If you are on sick leave without pay you must continue to pay contributions however you have a number of options available for the payment of contributions.

For other types of leave without pay, you must take a 'contributions holiday', but you can apply to purchase that period of leave without pay when you return to work so that it counts towards your total service. However, you should be aware that you will have to pay your own and your employer's contribution. More information about purchasing service can be found in the Improving your super - Purchase and upgrade of service fact sheet.

You continue to be covered for Death and Incapacity benefits and are eligible to make voluntary contributions, during any period of leave without pay.



Can I take a lump sum from super when I retire?

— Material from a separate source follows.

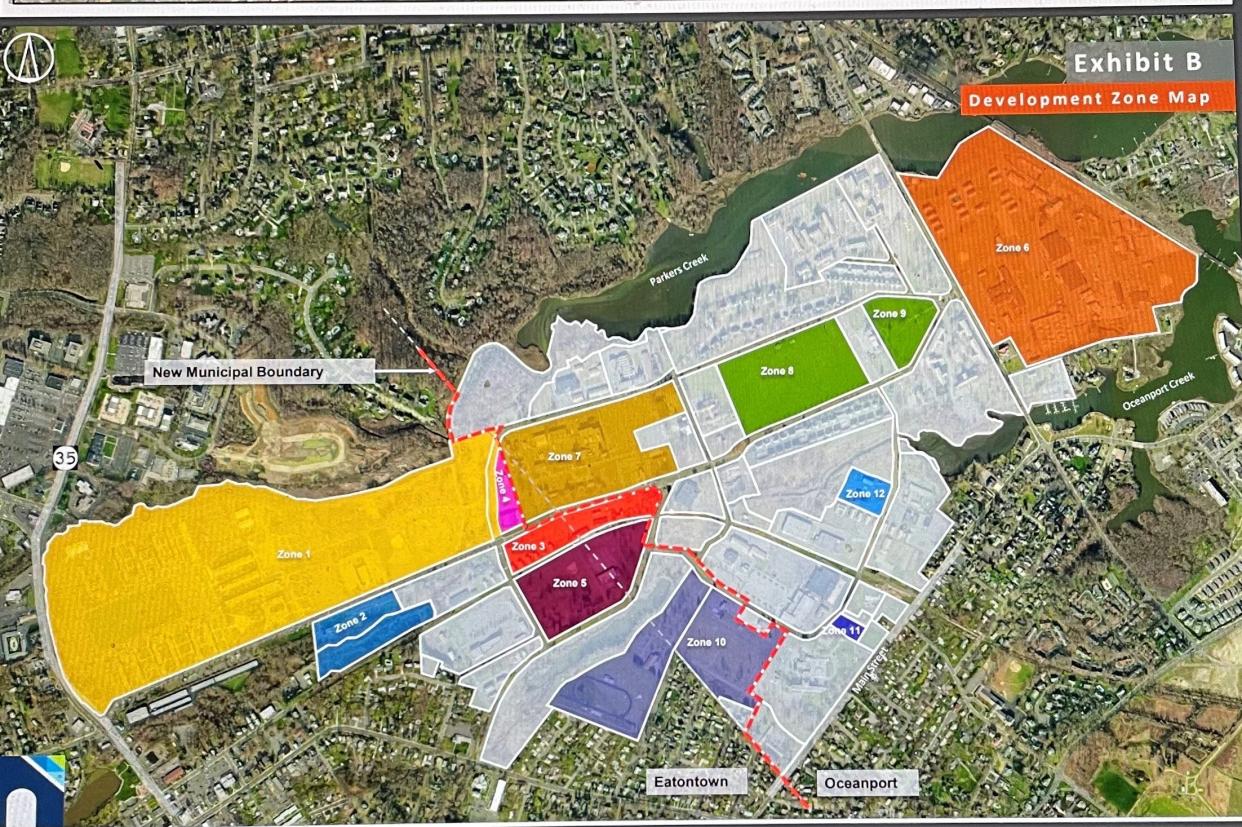 The Mega Parcel. Development Zones 1-9 will be part of Netflix's motion picture, television and broadcast studios at the former Fort Monmouth. Zones 10-12 are not part of Netflix's zones and are set aside for affordable housing and a homeless shelter.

When you reach your preservation age and retire, you may elect to take all or part of your retirement benefit as a cash lump sum payment. If you are less than 60 a cash lump sum payment may be subject to tax. Once you reach age 60 there is no tax on lump sum payments. Withdrawing all or some of your retirement savings from your super may impact your future taxation position and Centrelink entitlements.

We recommend that you seek personal financial advice from a qualified financial adviser prior to making such withdrawals.

What options are available at RBF for when I retire?

You can elect to invest all or part of your benefit in one or more of the following:

  • an RBF Life Pension (subject to eligibility criteria); or
  • transfer your benefit to a complying superannuation fund;
  • a combination of these options.

If you purchase a reversionary RBF Life Pension, two thirds of your pension may be paid to your surviving partner upon your death unless he or she elects to receive a lump sum;

If you purchase a non-reversionary RBF Life Pension, pension payments end when you die.

How do I choose a retirement option?

There are many options available to you. You would benefit from planning your retirement carefully before making any decision.

Contact us for a free personal interview to assist you in considering your options.


Is there tax on lump sum payments?

Your lump sum may consist of several tax components, which are taxed differently depending on your age and your scheme membership.

Contact us to find out more about the taxation of lump sum payments.


Accessing super

Is it true that I can't access my benefit until I reach preservation age, and are there any exceptions to this?

Current Commonwealth legislation requires that most monies put into super must be kept in super until Preservation age or a condition of release is met. The Commonwealth Government's aim is to ensure that super savings are used only when a person has retired from the workforce.

If amounts are accessed before preservation age, they are generally taxed at a higher rate. Preserved monies can usually only be accessed before preservation age in the case of death, terminal illness, permanent incapacity, severe financial hardship or on compassionate grounds. Some members may be eligible to claim their super if their account balance is less than $200.00.